- Born: 15 December 1950 Rio de Janeiro, Brazil
- Occupations: Journalist, Author, Lecturer, Film Producer
- Years active: 1972–present
- Known for: Cultural journalism, Golden Globe Association
- Notable work: Jimi Hendrix: domador de raios (1979); Nada será como antes (1979); América de A a Z (1994); A luz da lente (1998); Almanaque anos 70 (2006); Como Ver Um Filme (2012); Almanaque 1964 (2014);

= Ana Maria Bahiana =

Brazilian-born American author, journalist and lecturer

Ana Maria Bahiana (born 1950) is a Brazilian-born Los Angeles-based American author, journalist and lecturer known for her work in cultural journalism. She has worked in a variety of media: newspapers, magazines, television, radio and the Internet.

==Biography==
Ana Maria Bahiana was born in Rio de Janeiro, Brazil.

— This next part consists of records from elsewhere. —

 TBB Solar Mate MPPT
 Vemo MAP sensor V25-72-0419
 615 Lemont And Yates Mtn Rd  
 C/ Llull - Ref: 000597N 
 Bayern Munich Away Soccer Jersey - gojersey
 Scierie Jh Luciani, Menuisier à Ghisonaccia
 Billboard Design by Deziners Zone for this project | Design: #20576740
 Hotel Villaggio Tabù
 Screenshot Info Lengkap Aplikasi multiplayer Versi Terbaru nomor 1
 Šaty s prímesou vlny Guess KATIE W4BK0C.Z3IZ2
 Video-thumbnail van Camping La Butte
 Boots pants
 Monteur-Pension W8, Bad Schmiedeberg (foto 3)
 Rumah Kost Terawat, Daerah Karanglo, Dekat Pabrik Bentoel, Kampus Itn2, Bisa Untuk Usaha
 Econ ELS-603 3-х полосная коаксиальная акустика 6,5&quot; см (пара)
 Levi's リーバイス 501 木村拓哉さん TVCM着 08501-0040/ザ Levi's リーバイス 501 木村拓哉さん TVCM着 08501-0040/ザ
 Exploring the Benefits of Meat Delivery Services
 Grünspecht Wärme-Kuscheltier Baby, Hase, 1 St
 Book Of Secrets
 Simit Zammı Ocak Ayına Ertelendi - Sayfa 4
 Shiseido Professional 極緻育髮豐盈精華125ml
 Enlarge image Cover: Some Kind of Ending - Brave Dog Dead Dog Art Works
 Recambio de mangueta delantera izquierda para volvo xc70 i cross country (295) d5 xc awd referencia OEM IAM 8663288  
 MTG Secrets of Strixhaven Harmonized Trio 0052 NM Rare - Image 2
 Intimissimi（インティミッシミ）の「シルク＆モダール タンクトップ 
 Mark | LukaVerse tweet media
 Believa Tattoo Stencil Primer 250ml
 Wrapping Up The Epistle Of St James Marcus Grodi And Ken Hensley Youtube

While still in college Bahiana worked as editorial assistant at the first Brazilian edition of Rolling Stone magazine in 1972, for which she also contributed reviews and interviews. She wrote for the major Brazilian newspapers – O Estado de S. Paulo, Folha de S. Paulo, O Globo and Jornal do Brasil. In the international press, she contributed to publications in France, United States and Australia, and worked for five years as West Coast Bureau Chief for the British trade magazine Screen International. On television, Bahiana was foreign correspondent in Los Angeles for Telecine, Globosat and Rede Globo, having also collaborated, as producer and interviewer, for the US cable channel Bravo and Canada's CBN.

Bahiana and Paoula Abou-Jaoudé are the only Brazilian members of the Hollywood Foreign Press Association, responsible for the Golden Globes annual awards; since 2015 Bahiana has been serving as deputy editor of the HFPA's official website, goldenglobes.com. In 2006, she wrote and co-produced, the feature film 1972, directed by José Emilio Rondeau.

Bahiana is currently working as writer and researcher on the documentary LA+Rio.

== Music ==
In 1970, while still in college, Bahiana got involved in Rio de Janeiro's independent/underground music scene. There she met composer José Mauro, and started a collaboration that would yield two recorded albums, Obnoxius (1970) and Viagem das Horas (1971).

Through the years, parallel to her work as author and journalist, Bahiana wrote lyrics for composers Marlui Miranda, Sueli Costa and the bands O Faia and Contas de Vidro.

== Works ==
- Jimi Hendrix: domador de raios (Editora Brasiliense, 1979; Editora Pazulin, 2006).
- Nada será como antes (Editora Nova Fronteira, 1979; Editora Senac Rio, 2006).
- América de A a Z (Editora Objetiva, 1994).
- A luz da lente (Editora Globo, 1998).
- Almanaque anos 70 (Ediouro, 2006).
- Como Ver Um Filme (Nova Fronteira, 2012).
- Almanaque 1964 (Companhia das Letras, 2014).

== Collaborations ==
- "Anos 70 – Música Popular", collection of essays, Funarte, Rio de Janeiro, Brazil, 1980
- "Los Angeles". An essay in the omnibus America, edited by Nelson Brissac Peixoto, Companhia das Letras, São Paulo, Brazil, 1989.
- "Tom Jobim", "Caetano Veloso", "Jorge Benjor" - curated, researched and wrote bilingual (English-Portuguese) booklets for these CD boxed sets, Universal Music, 2007–2008.
- Vida Modelo, with John Casablancas; authorized biography, Objetiva, Rio de Janeiro, 2008.
- "An Offer He Could Not Refuse: Francis Ford Coppola on The Godfather III," in the anthology The Godfather Family Album, Taschen America, Los Angeles, 2009.
- Interview: Kathryn Bigelow, in the anthology Kathryn Bigelow, org. Peter Keough, University Press of New England, Boston, 2013.
- "Unsung Pioneers, Fierce Explorers – Female Filmmakers in Latin America", in the omnibus Celluloid Ceiling, org. Gabrielle Kelly and Cheryl Robson, Supernova Books, London, 2014

== Translation ==
- Dispatches/ Despachos do Front, Michael Herr, Objetiva, Rio de Janeiro, 2005.
- Easy Riders, Raging Bulls/ Como a Geração Sexo Drogas e Rock n Roll Salvou Hollywood, Peter Biskind, Intrínseca, Rio de Janeiro, 2006.